First, we need to convert the acceleration from "g's" to meters per second squared (m/s^2), as it is a more standard unit in the metric system.
1 "g" is equal to the acceleration due to gravity on Earth, which is approximately 9.8 m/s^2.
So to convert 30 "g's" to m/s^2, we multiply it by 9.8:
Acceleration (a) = 30 * 9.8 m/s^2 = 294 m/s^2
Now we can use Newton's second law to calculate the force:
Force (F) = Mass (m) * Acceleration (a)
F = 71 kg * 294 m/s^2
F = 2.09 * 10^4 N
Therefore, the magnitude of the force on the 71-kg person accelerating at a rate of 30 "g's" is 2.09 * 10^4 N.

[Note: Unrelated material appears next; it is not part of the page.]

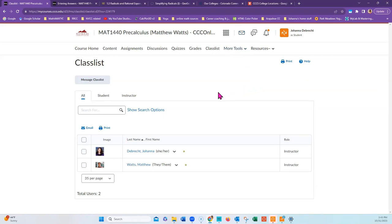I hope this video helps you understand how to navigate your course and that you will be most successful in completing Math 1440 Pre-Calculus.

Moving on to Part B, to calculate the distance traveled when brought to a rest at an acceleration of 30 "g's" from a speed of 95 km/h, we need to use the equation:
v^2 = u^2 + 2as
Where:
- v is the final velocity (which is 0 when brought to rest),
- u is the initial velocity (95 km/h),
- a is the acceleration (-294 m/s^2, given that the person is decelerating),
- s is the distance traveled.
First, we need to convert the initial velocity from km/h to m/s:
1 km/h is equal to 0.2778 m/s.
So, the initial velocity (u) in m/s is:
u = 95 km/h * 0.2778 m/s = 26.39 m/s
Now, we can solve for the distance (s) using the equation:
0^2 = (26.39)^2 + 2 * (-294) * s
Simplifying further:
0 = 695.52 - 588s
Rearranging the equation:
-695.52 = -588s
Finally, solving for s:
s = -695.52 / -588
s ≈ 1.183 meters
Therefore, the distance traveled when brought to rest at an acceleration of 30 "g's" from a speed of 95 km/h is approximately 1.183 meters.
A. F = M*g*30 = 71*9.8*30 = 20,874 N. = 2.09*10^4 N.
B. Vo = 95km/h = 95,000m/3600s = 26.4 m/s.
F = M*a = -20,874. a = -20,873/71 = -294 m/s^2.
V^2 = Vo^2 + 2a*d. V = 0, Vo = 26.4 m/s, a = -294 m/s^2, d = ?.